Saturday, February 23, 2013

Palatines in North Carolina



Our Palatines to America treasurer, Margie Weiler, suggested that I include information in this blog about the 1710 settlement of New Bern, North Carolina.  I  have previously written about  the 1766 North Carolina settlement of Germans in Salem.  However the New Bern settlement deserves its own mention.

Christoph von Graffenried, a native of Bern, Switzerland, born in 1661 and Franz Ludwig Michel, both part of the Ritter Company, wanted to establish a Swiss colony in the New World.  Queen Anne of England, facing a flood of Palatine immigrants made an offer of land and support for the settlement plans if they would agree to include Palatines among those they transported to the New World. 

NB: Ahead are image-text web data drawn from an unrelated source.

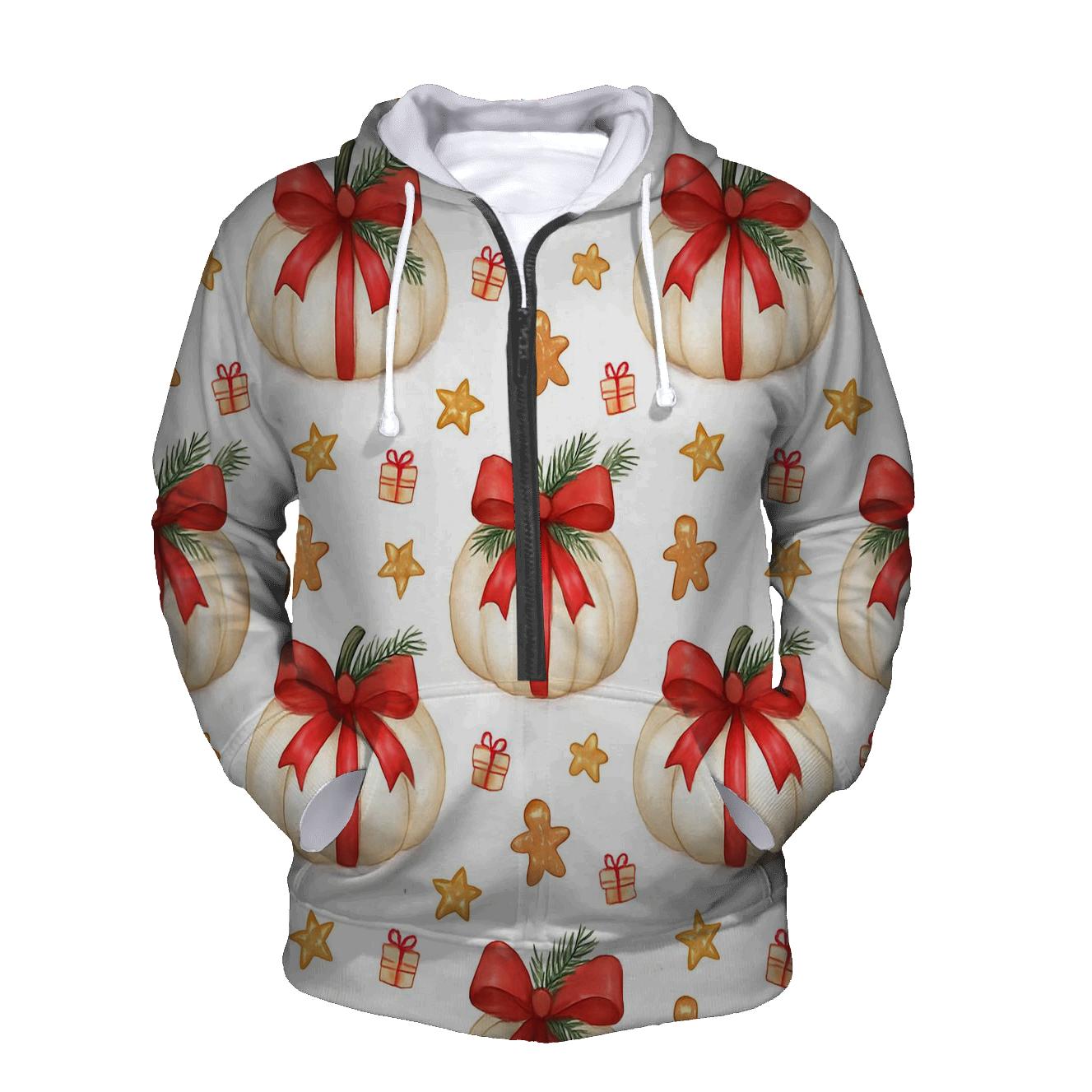 Ivory Snowy Pumpkin Gift Grid On White Background embroidered hoodies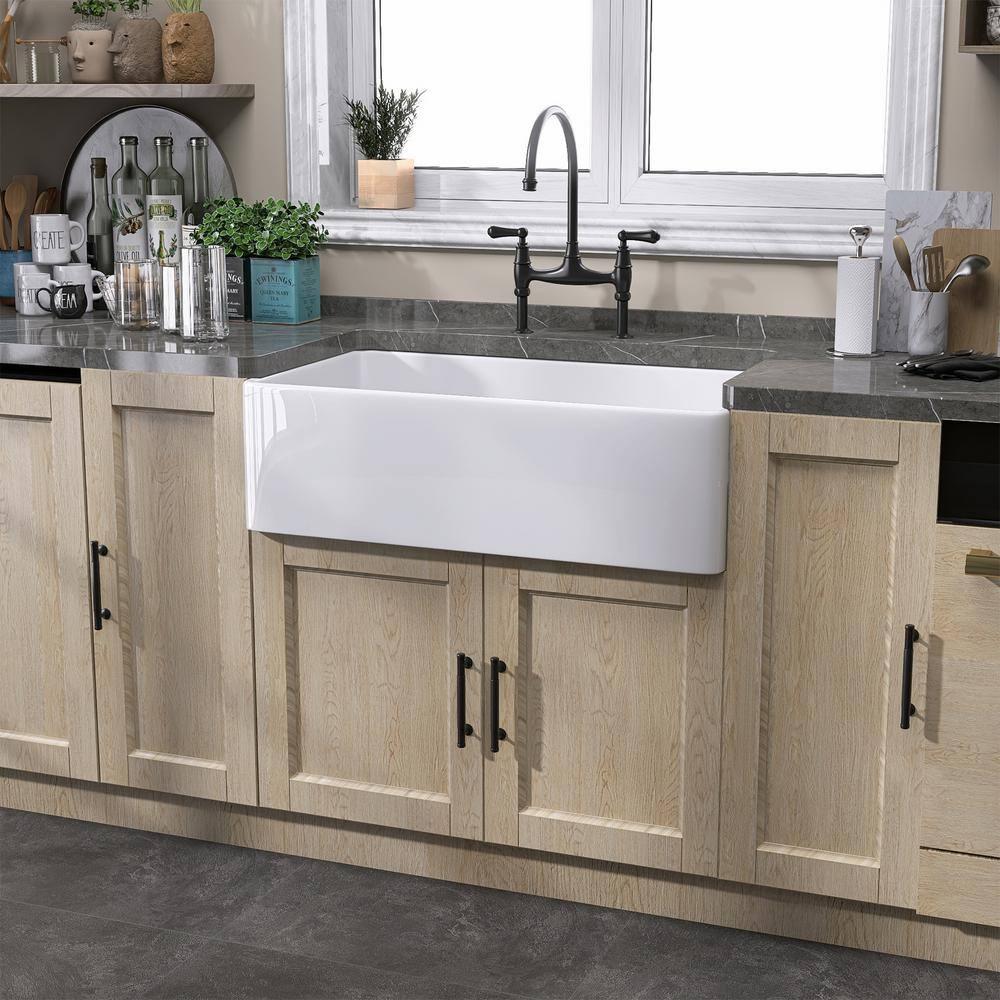 Small Farmhouse Sink 24 X18 White Fireclay Undermount Kitchen Sinks Deep Single Bowl Drop in Modern Apron Front Farm Sink For Kitchen with Protective Bottom Grid and Strainer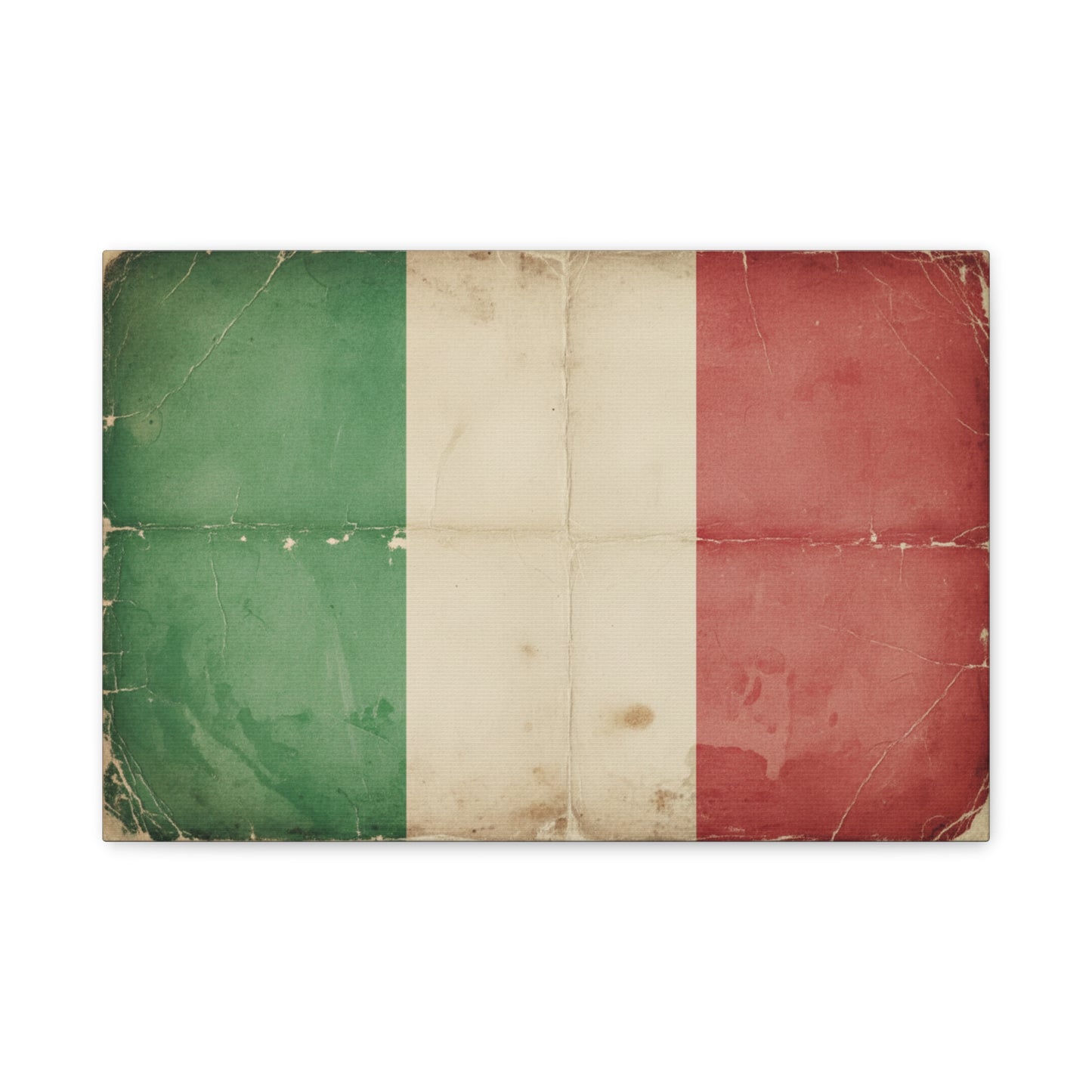 Italian Flag Vintage Canvas Print — Matte Stretched Wall Art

In September of 1709, Parliament granted Graffenried and Michel more than 13,000 acres of land in the Carolinas, with a promise of assistance once they arrived.  As a result, 650 Palatines, led by John Lawson and Michael Gale, sailed from England in January 1710.  During the thirteen week voyage, they lost about one half of the Palatines as a result of the harsh conditions of the trip. When they arrived in North Carolina at the juncture of the Neuse and Trent rivers, they found that no provisions were waiting for them and no work had been done to provide shelter for them in the settlement at New Bern.

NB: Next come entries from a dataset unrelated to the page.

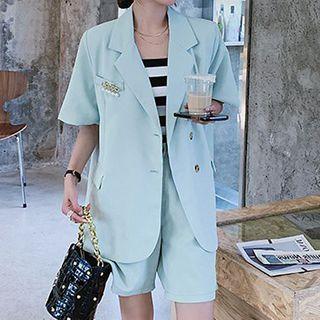 Set: Short-sleeve Plain Blazer + Dress Shorts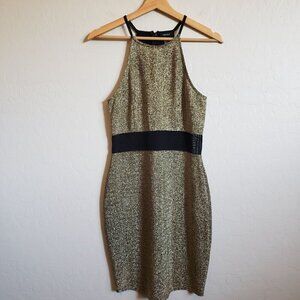 Forever 21 Glitter Sheer Panel Mini Dress Sparkle Gold/Black Size Women's Medium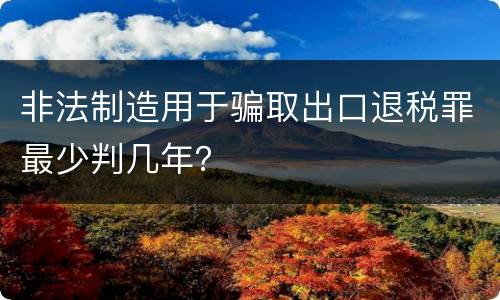 非法制造用于骗取出口退税罪最少判几年？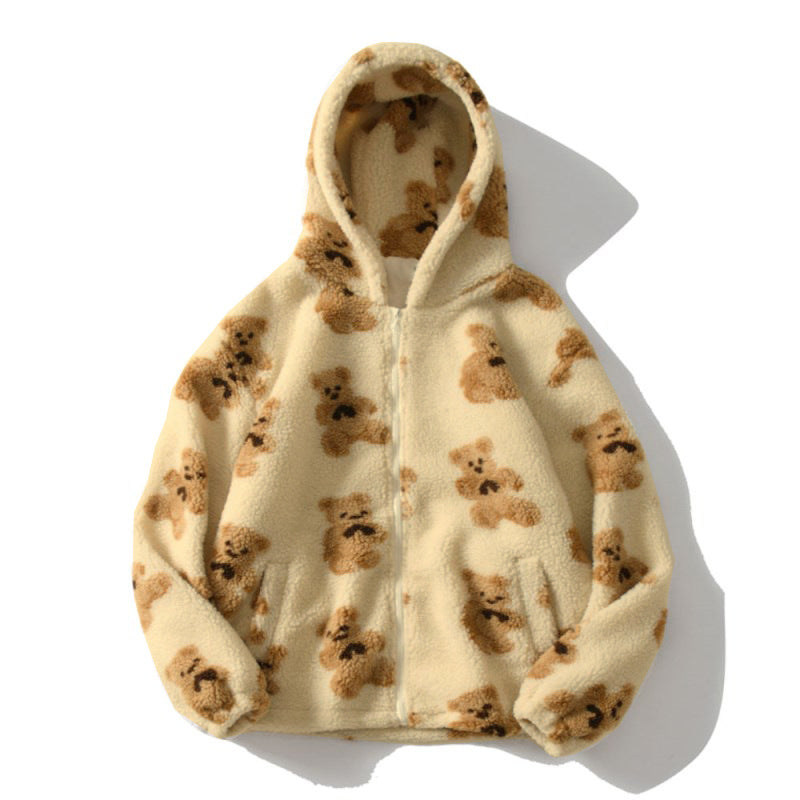 Damen Teddy-Fleecejacke mit Kapuze und großen Taschen Heidi-Mode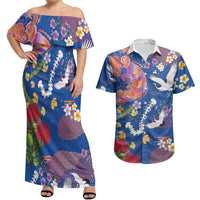 Hawaiian and Japanese Culture Together Couples Matching Off Shoulder Maxi Dress and Hawaiian Shirt Kakau Tribal Pattern and Irezumi Art Blue Color LT03 Blue - Polynesian Pride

Conditions did not improve until Graffenried arrived in September 1710 with about 100 Swiss settlers.  He had the land surveyed, forests cleared and houses erected. Within eighteen months, the community seemed to be well established.  Unfortunately this good fortune did not continue for long.

The Tuscarora Indians who had inhabited the area until the arrival of European settlers, began a campaign to rid their native lands of those intruders.  In Early September 1711, Graffenried and surveyor John Lawson, who had led the initial group of Palatine settlers to New Bern, set off to explore the area north of New Bern.  The Tuscarora captured both, killing Lawson.  They let Graffenried go free because they believed that he was the governor.

While Graffenried was journeying back to New Bern, the Tuscarora attacked the white communities along the Neuse and Pamlico Rivers, killing many of the settlers.  They destroyed houses and crops and took away livestock. 

Graffenried never recovered financially from the war with the Tuscarora, and many of the original Palatines dispersed among the surviving English communities of North Carolina.  Graffenried returned to Europe.